Let the temperature rise
Christobel - Joan as Police Woman
The photo on the cover of the very good, very complicated pop album Real Life, is a portrait of false dichotomies. Stagelit, Joan Wasser angles her shoulders and chin slightly defiant, even confrontational, and her eyes lock the camera's lens, fierce, like she's watching it watching her. Yet her lips are set tremulous (she could cry on a dime) and her golden-brown shag halos her face. Around her neck Wasser wears a slab of brassy hardware in the shape of an apple. Or possibly a peach. Does the fruit matter? Maybe ... it could be the difference between a fallen and defiant Eve and some soft southern belle. Devil and angel. Tough chick and the pliable kind who always says yes. Wasser, as Joan as Police Woman (after Angie Dickinson's 70s cop drama), plays both, but mostly neither. Mostly more. Over the course of 10 gritty and glamorous songs, heatseekers and heatmakers with titles like "Flushed Chest" and "Eternal Flame," she is complicated. She demands (in the words of Lil Mama and my fave jam of the mo, "Lip Gloss"), "whatcha know bout me?" Less than you think.

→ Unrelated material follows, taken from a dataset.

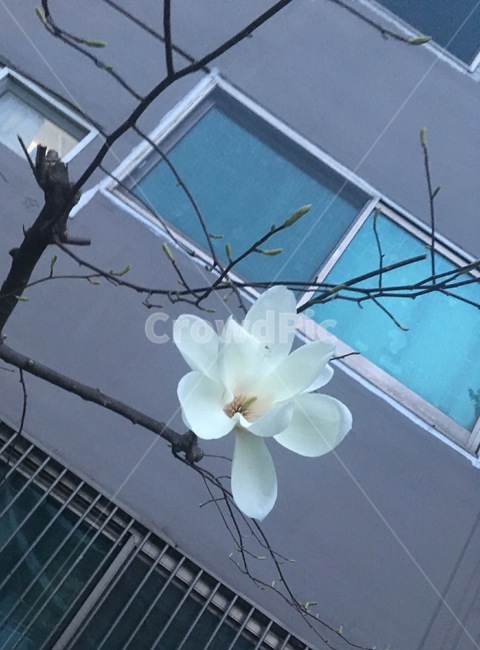 봄,꽃,나들이,cherryblassom,flowers,봄꽃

An article in last Sunday's New York Times on the elusive quest for online music success includes this among its for-what-their-worth findings: Artists should post to their Myspace page the song that's "immediately catchy, yet not necessarily the strongest" on their album. "Christobel" is wedged somewhat ignominiously in the middle of Real Life, between the aforementioned "Flushed Chest," a poignant, aching thing reportedly written about Wasser's late boyfriend Jeff Buckley, and torrid piano-soul ballad "Save Me." But it streamed at the top of JAPW's Myspace for months (120,733 plays) and it's easy to hear why. Among tracks couched in the blended vocabularies of jazz, cabaret, classic soul, top-40 diva pop, "Christobel's" the only thing approaching a rocker on the record, speaking a less exotic dialect that incorporates 90s alt-rock (including a brief electric solo that probably could have found space on a song by Wasser's former band, The Dambuilders) and something earlier -- the rock chick lexicons of Joan Jett and Pat Benetar perhaps. And it's propulsive, hooky and mysterious. It's an elliptical supernatural noir about a shadowy Christobel and her (possibly already dead) amour that plunges down dark city alleys with light, tripping beats and a bendy bassline rubbing up against distorted violins and moaning, blistered backing vocals that at first sound female, then like ghostly men out of tune and out of range. Gender ambiguity is central to the song. Wasser addresses Christobel, "why won't you fall in love with me?" but you don't get the sense that this is a lesbian serenade. Listen to the way Wasser delivers the chorus, "Yes, [beat] Christobel," like a little grunt, like she's pumping her fist -- a totally masculine phraseology. She's channeling a guy. To further support my little argument, consider again the title of the album and the songs that precede this one: songs that toy with identity, that waver and stumble between the actual and fictive, the biographical and auto-, the acting and the audience, and all the good, meaty, real stuff that lies in the short distance between.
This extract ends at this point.